[Web page caption snippets]
===

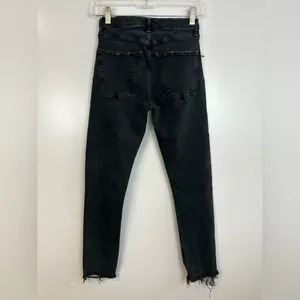 AGOLDE Toni Black Mid Rise Ankle Denim Jeans Raw Hems Size 25 thumbnail 10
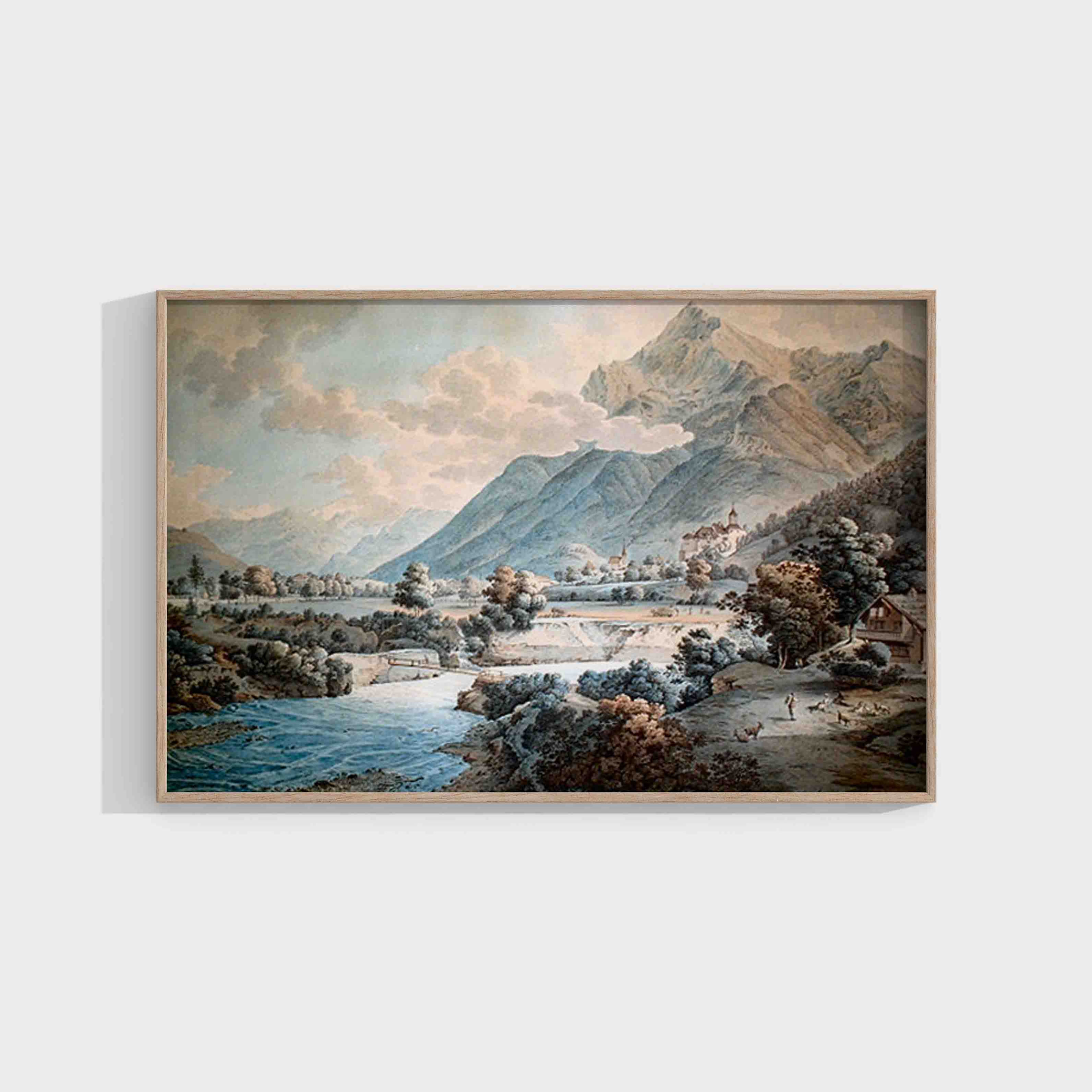 Johann Ludwig Aberli : Wimmis (engraving, around 1783)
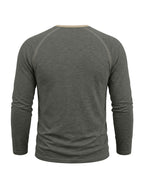Autumn/Winter Cross-Border Men's Long Sleeve Crew Neck Henley Shirt, European and American Style Men's Pullover Base Layer T-Shirt - Dark Gray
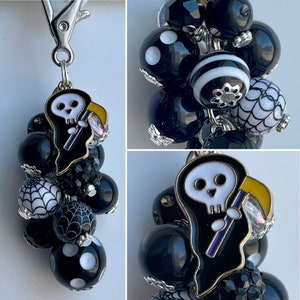 BEADED CLIP • HALLOWEEN • for purse, bag, backpack, lanyard, and more! • charm acrylic enamel beads Grim Reaper Ghost Skull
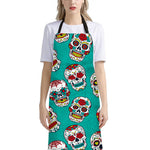 Teal Sugar Skull Pattern Print Bib Apron With Pocket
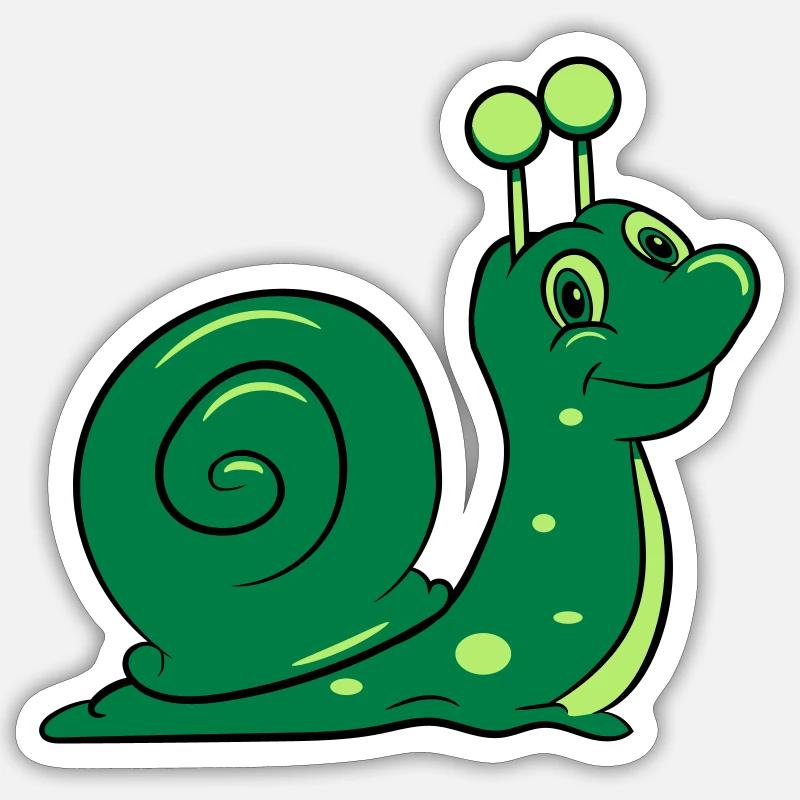 Schnecke lustig Kinder - Sticker Größe S (10 x 10 cm) - Mattweiß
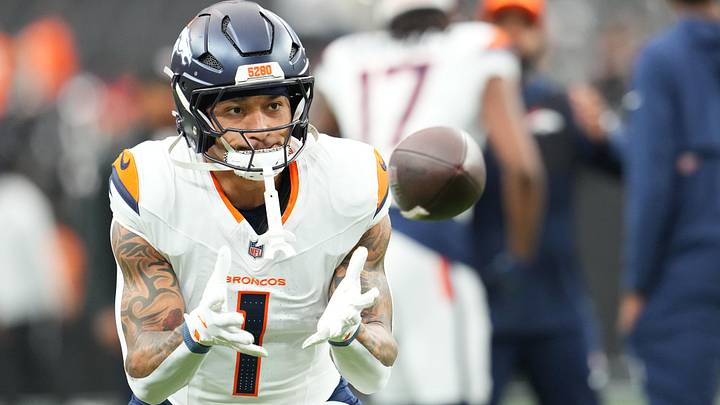 Dec 7, 2025; Paradise, Nevada, USA;  Denver Broncos tight end Evan Engram (1) warms up prior to a game against the Las Vegas Raiders at Allegiant Stadium. Mandatory Credit: Stephen R. Sylvanie-Imagn Images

===

Goal of the exercise
Extract every line of the data exactly; pictures stay out.

Reply
 AGOLDE Toni Black Mid Rise Ankle Denim Jeans Raw Hems Size 25 thumbnail 10
 Johann Ludwig Aberli : Wimmis (engraving, around 1783)
Autumn/Winter Cross-Border Men's Long Sleeve Crew Neck Henley Shirt, European and American Style Men's Pullover Base Layer T-Shirt - Dark Gray
 BEADED CLIP • HALLOWEEN • for purse, bag, backpack, lanyard, and more! • charm acrylic enamel beads Grim Reaper Ghost Skull
 Teal Sugar Skull Pattern Print Bib Apron With Pocket
 Schnecke lustig Kinder - Sticker Größe S (10 x 10 cm) - Mattweiß
 Dec 7, 2025; Paradise, Nevada, USA;  Denver Broncos tight end Evan Engram (1) warms up prior to a game against the Las Vegas Raiders at Allegiant Stadium. Mandatory Credit: Stephen R. Sylvanie-Imagn Images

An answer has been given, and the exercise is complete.